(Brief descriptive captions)

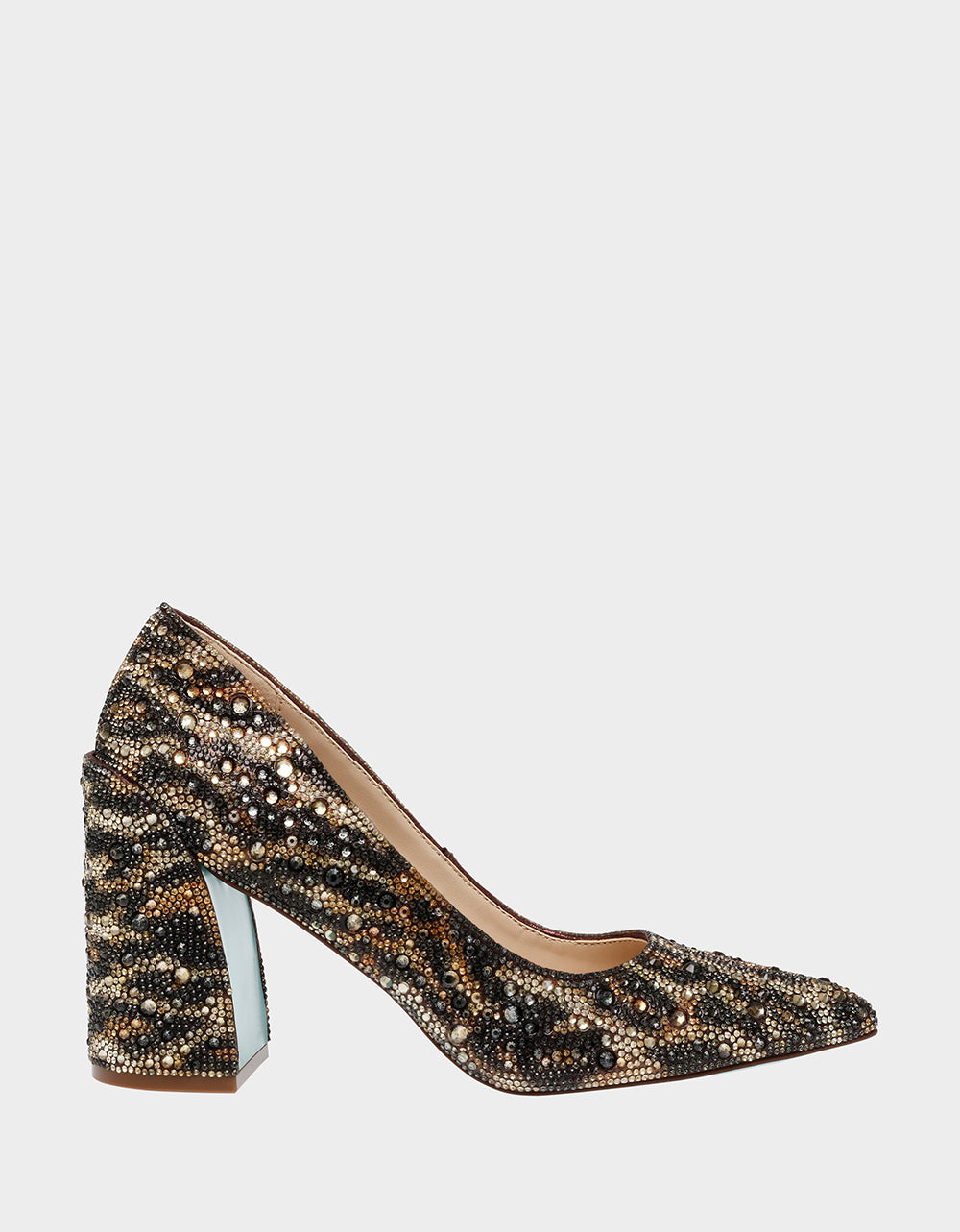 Betsey Johnson Jody Leopard Print Pumps with Block Heel
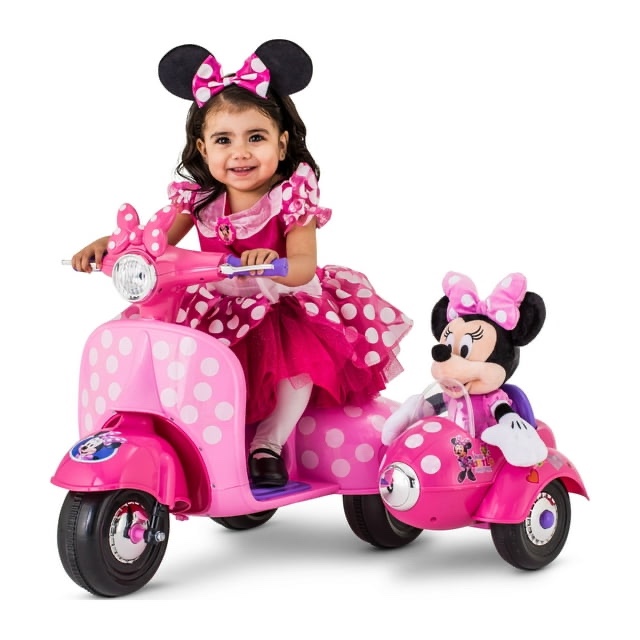Disney Minnie Mouse Happy Helpers Scooter with Sidecar Ride-On Toy by Kid 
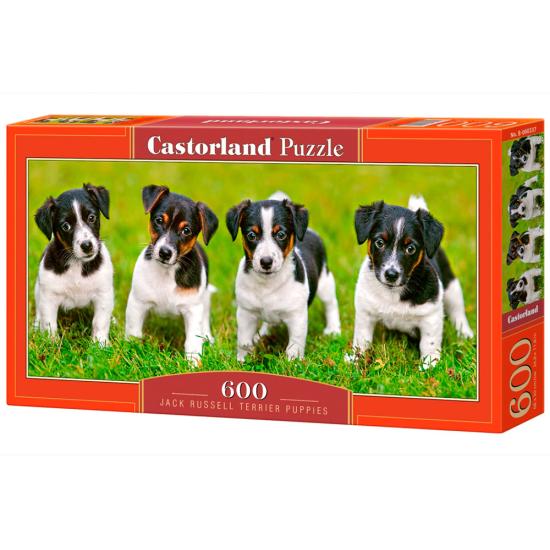 Puzzle Castorland Chiots Jack Russell Terrier 600 pièces Puzzle Castorland Chiots Jack Russell Terrier 600 pièces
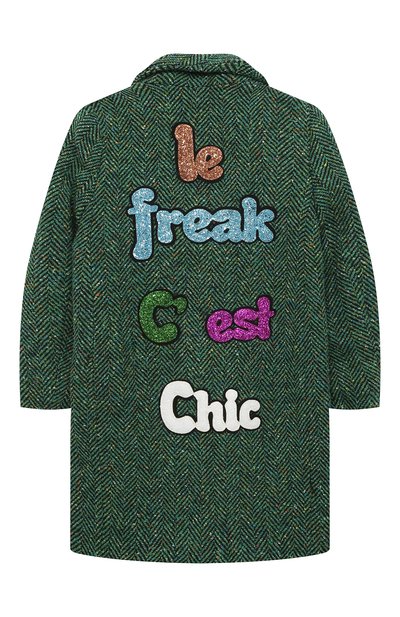 Пальто FRONT STREET 8 KIDS зеленого цвета по цене 27200 руб., арт. FWK 10, фото 2 Пальто FRONT STREET 8 KIDS, арт. FWK 10, фото 2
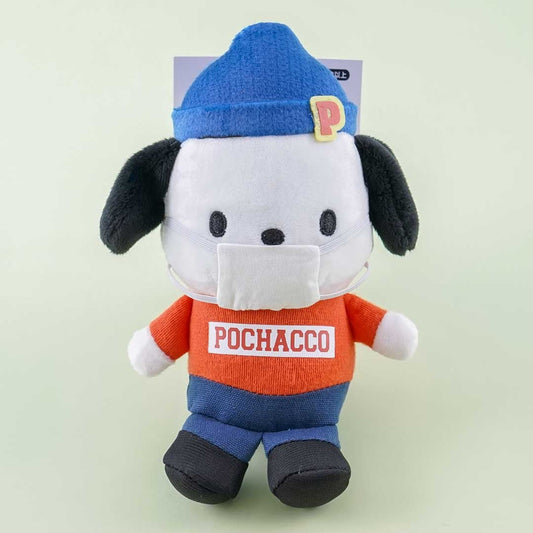 Pochacco Masked Plushie Charm - Medium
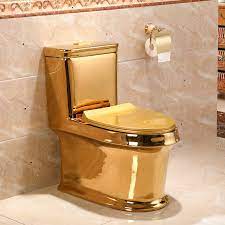 Design ideas are a very important direction of the interior design booming. Plain Gold Toilet Royal Toiletry Global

== AIM OF THE TASK ==
Could you print the data exactly as it appears and keep the pictures out?

== RESPONSE TO THIS EXERCISE ==
 Betsey Johnson Jody Leopard Print Pumps with Block Heel
Disney Minnie Mouse Happy Helpers Scooter with Sidecar Ride-On Toy by Kid 
 Puzzle Castorland Chiots Jack Russell Terrier 600 pièces Puzzle Castorland Chiots Jack Russell Terrier 600 pièces
 Пальто FRONT STREET 8 KIDS зеленого цвета по цене 27200 руб., арт. FWK 10, фото 2 Пальто FRONT STREET 8 KIDS, арт. FWK 10, фото 2
 Pochacco Masked Plushie Charm - Medium
 Design ideas are a very important direction of the interior design booming. Plain Gold Toilet Royal Toiletry Global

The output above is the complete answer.